Roberto Minervini in Los Angeles

Roberto Minervini’s The Passage (2011)

Acropolis Cinema, the nonprofit screening series in Los Angeles, will launch the first of three tenth-anniversary celebrations on Friday with A More Perfect Union: The Films of Roberto Minervini. The retrospective will open with the LA premiere of The Damned, which won Minervini the Un Certain Regard award for Best Directing when the Civil War drama premiered in Cannes last year.

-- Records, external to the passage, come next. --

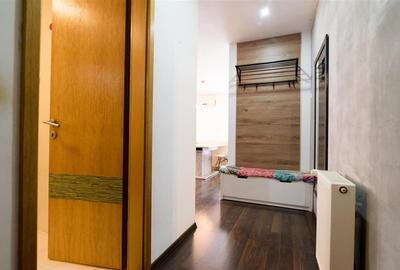 Apartament cu 2 camere decomandat în Oncea - 9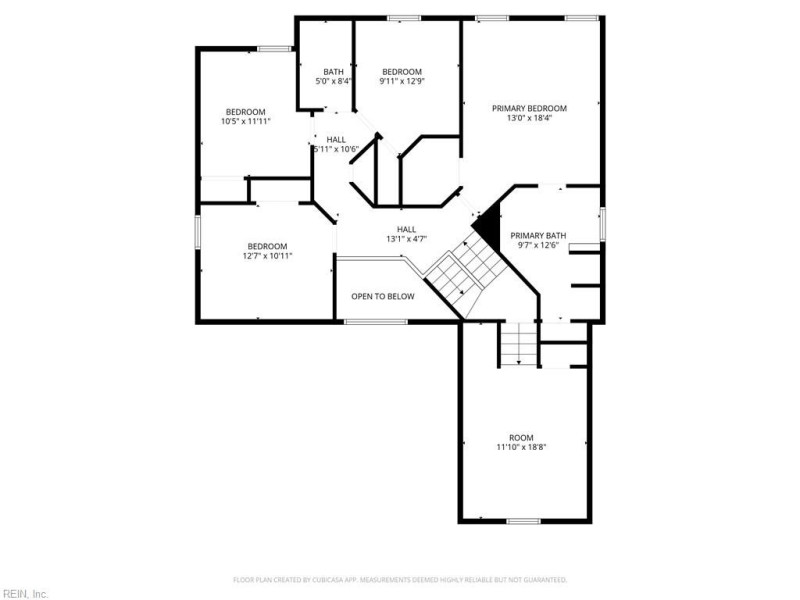 Photo 36 of 37 residential for sale in Newport News virginia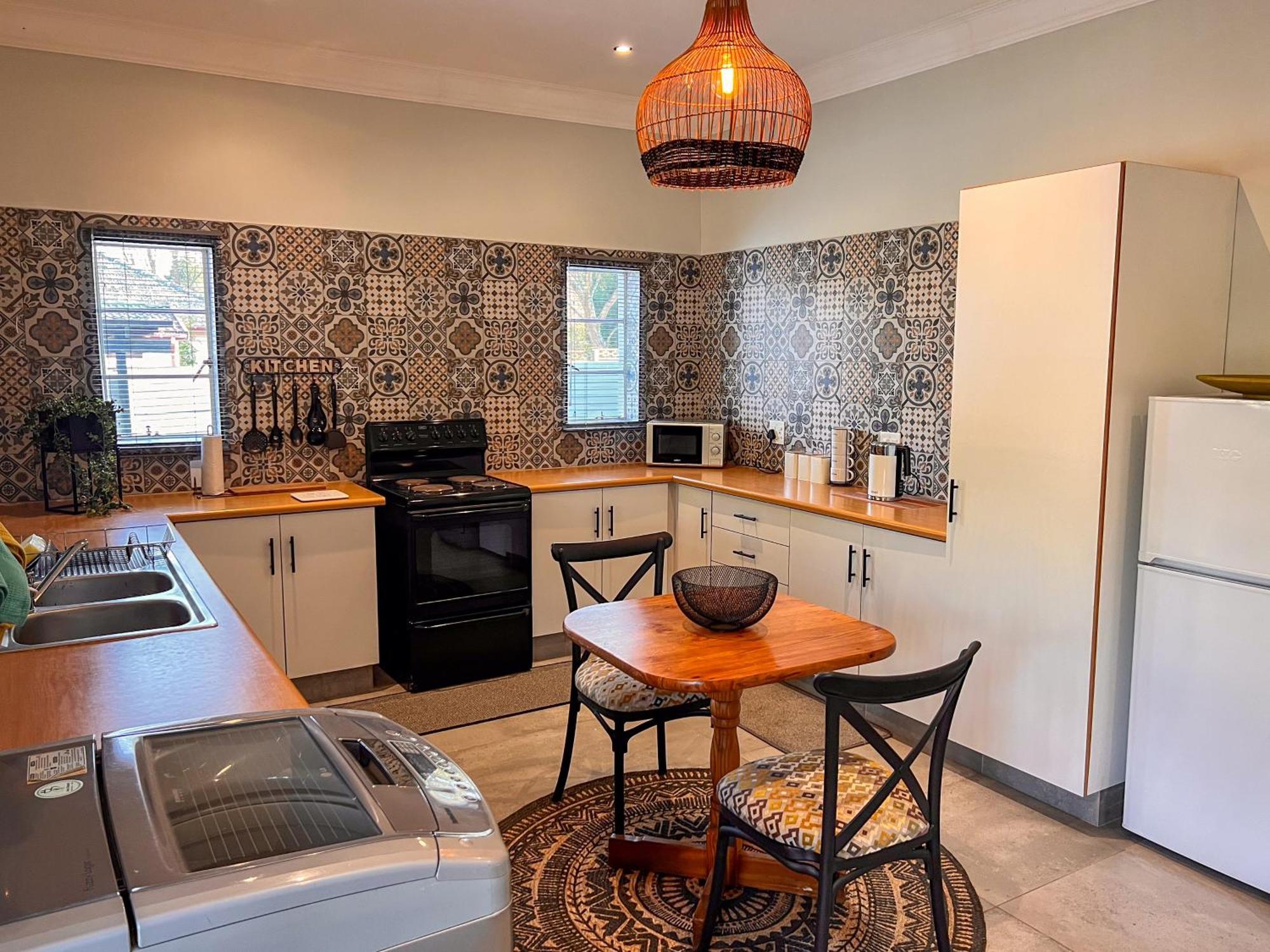 Fraser Retreat Holiday home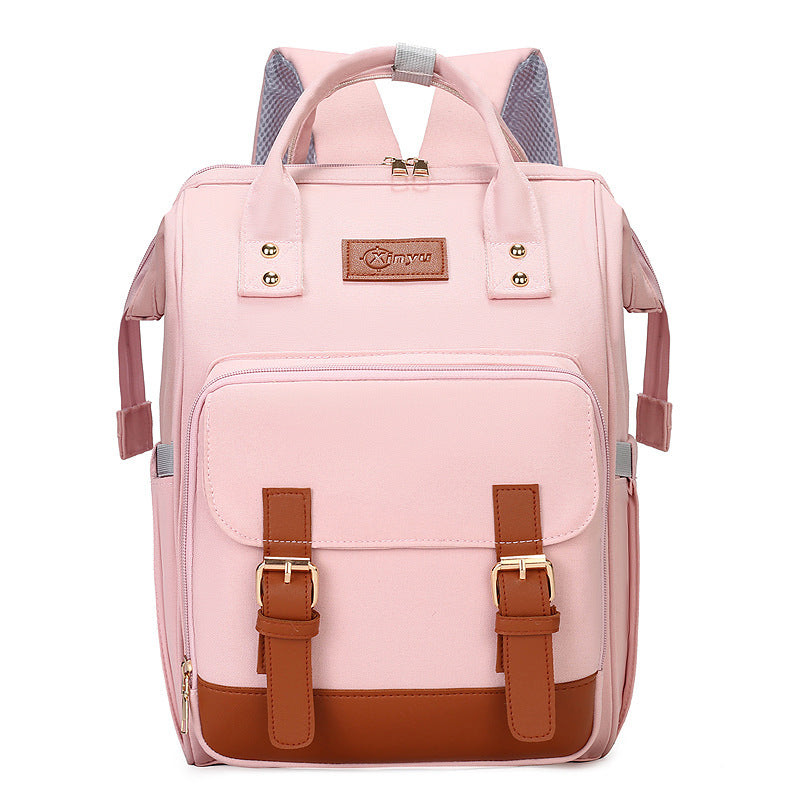 Vielseitiger Multifunktions-Rucksack Brehn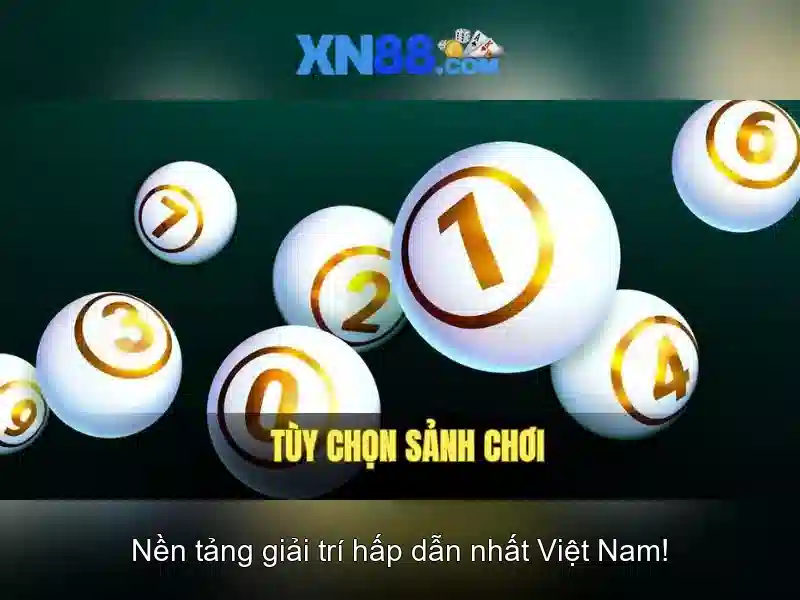game slot uy tín - XN88
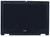 ACER R756T (TOUCH) 11.6" LCD (40 PIN CONNECTOR)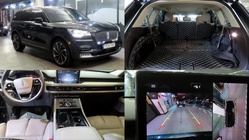 Lincoln Aviator 2023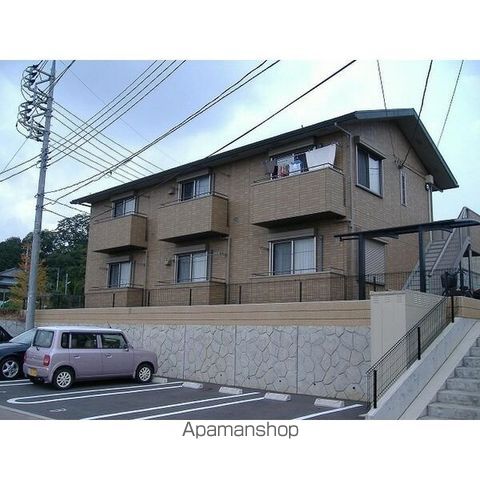 セリジェの外観写真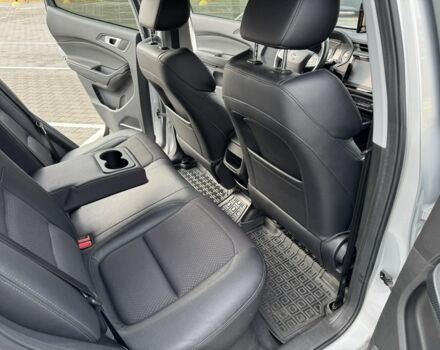 Серый Чери Тигго, объемом двигателя 1.5 л и пробегом 67 тыс. км за 10700 $, фото 9 на Automoto.ua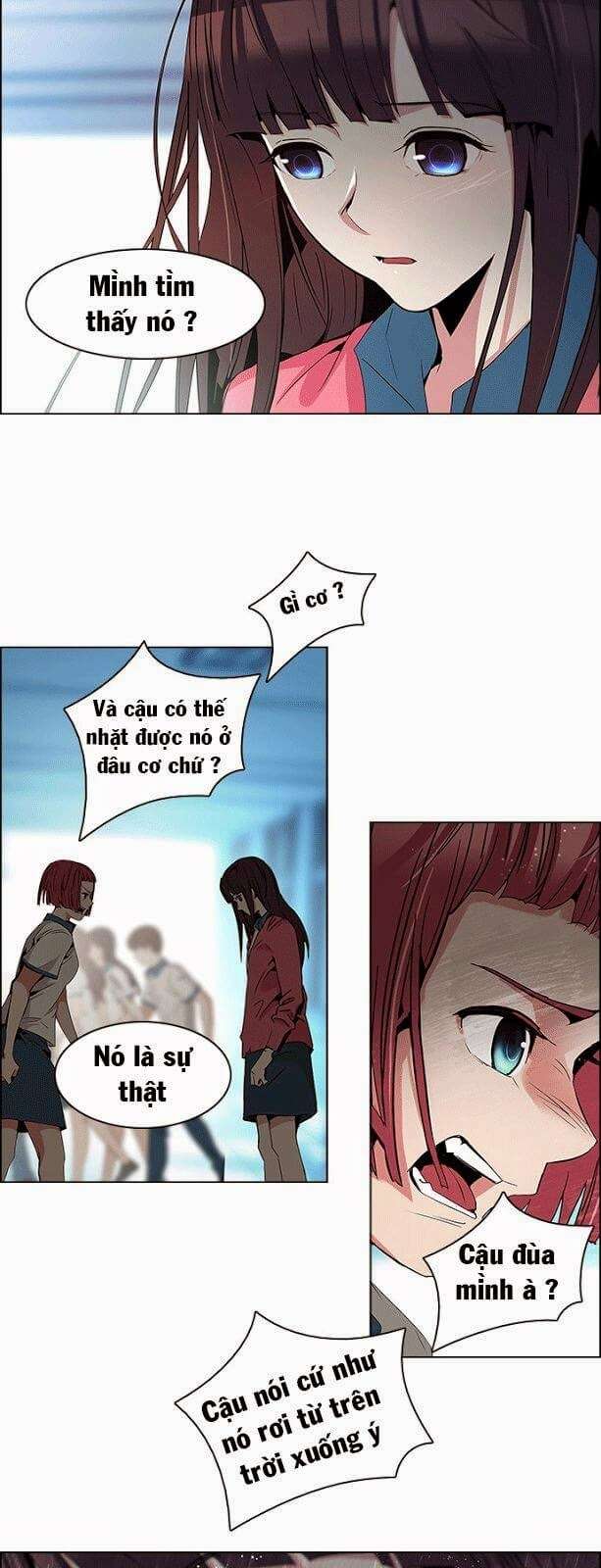 Dice - Chương 96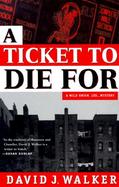 A Ticket to Die for cover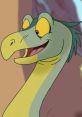 Wild Arms (The Land Before Time)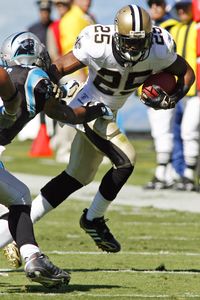 Reggie Bush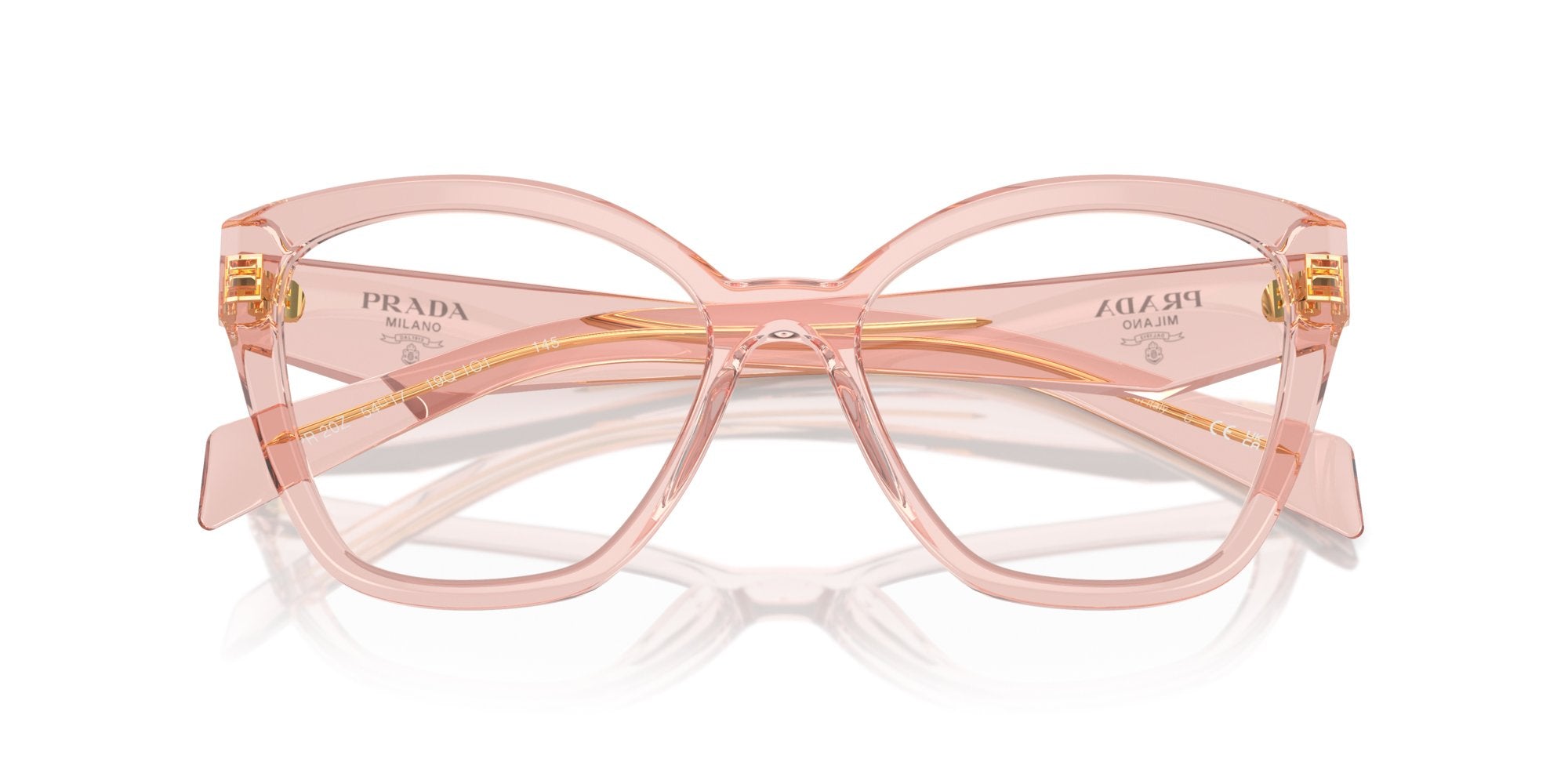 PRADA PR 20ZV 19Q1O1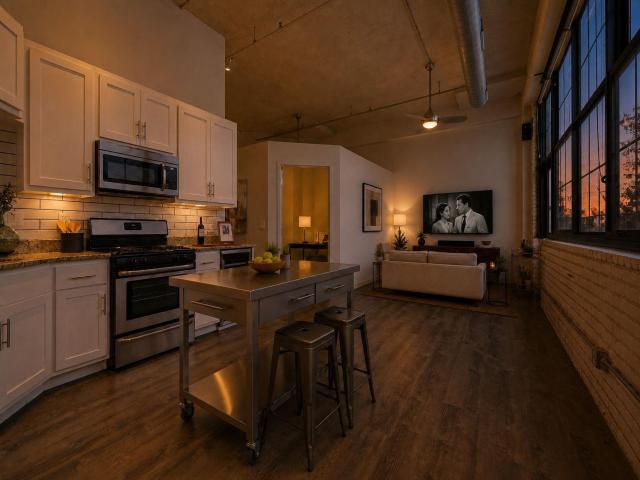 1901 E Hennepin Avenue Unit 104 Minneapolis MN 55413 - MLS# 7113694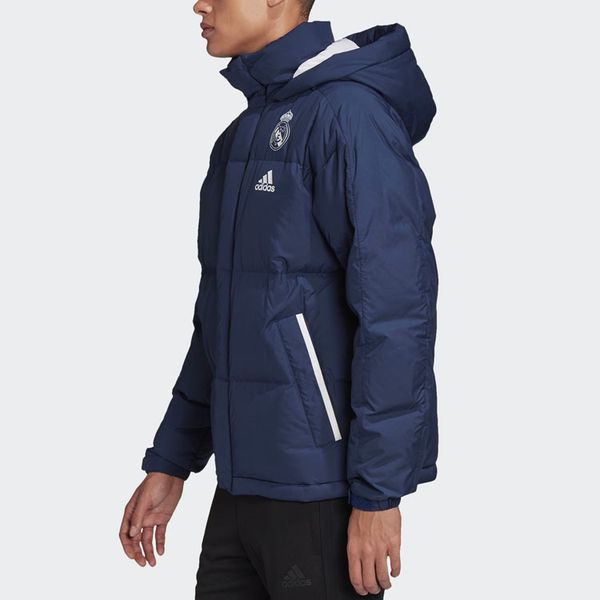 adidas Real SSP DW JKT    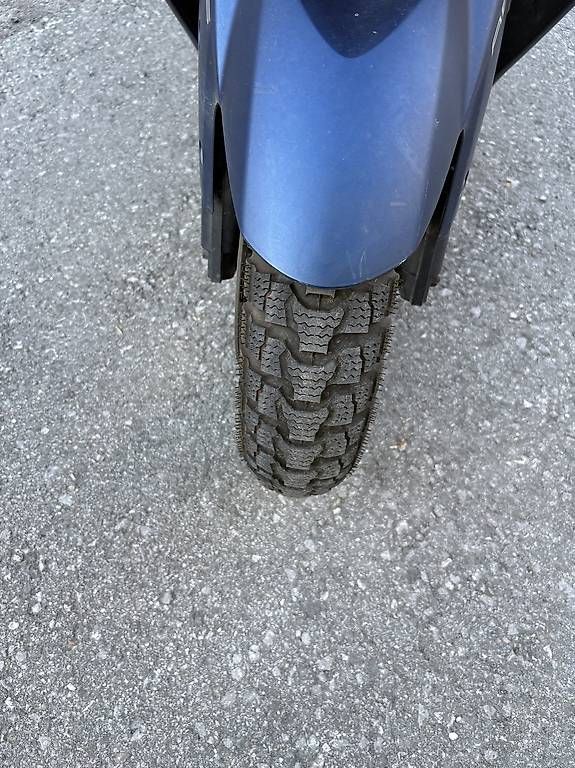 Scooter: Yamaha N-Max 125 ABS – Usato da Bühler venduto da Evo85 3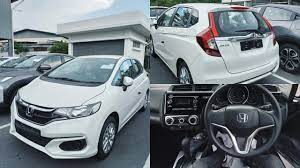 Hadir ditahun 2013, diakui mobil ini sudah memiliki desain yang modern atau dikatakan masih dalam golongan mobil baru. Sale Advisor Ini Kongsikan Bayaran Bulanan Bagi Setiap Kereta Honda Untuk Tahun 2021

Set in the winter of 1862, The Damned hunkers down with a troop of Union soldiers sent out west to patrol uncharted territories. Nonprofessional actors play uniformed men who “ride horses and speak of the wickedness of slavery, but their accents and affectations are anachronistically contemporary,” noted Film Comment’s Devika Girish in the introduction to her interview with Minervini. “The result is somewhere between a restaging of a moment in America’s past and a document of present-day Americans reflecting on the process of nation-making. Amid the banalities of military activity—keeping watch, making plans, cleaning rifles—the men chat about what might prompt a man to put his life on the line for an ideal: ethics, religion, family, glory, plain old bloodthirst.”

After Friday night’s screening at 2220 Arts + Archives, filmmaker Carson Lund (Eephus) will moderate a Q&A with Minervini, who grew up in Italy and lived for a few years in Spain before moving to the U.S., where he has been living for the past twenty-five years. After completing his master’s degree at the New School in New York, he made a good handful of short films before directing his first feature, The Passage (2011).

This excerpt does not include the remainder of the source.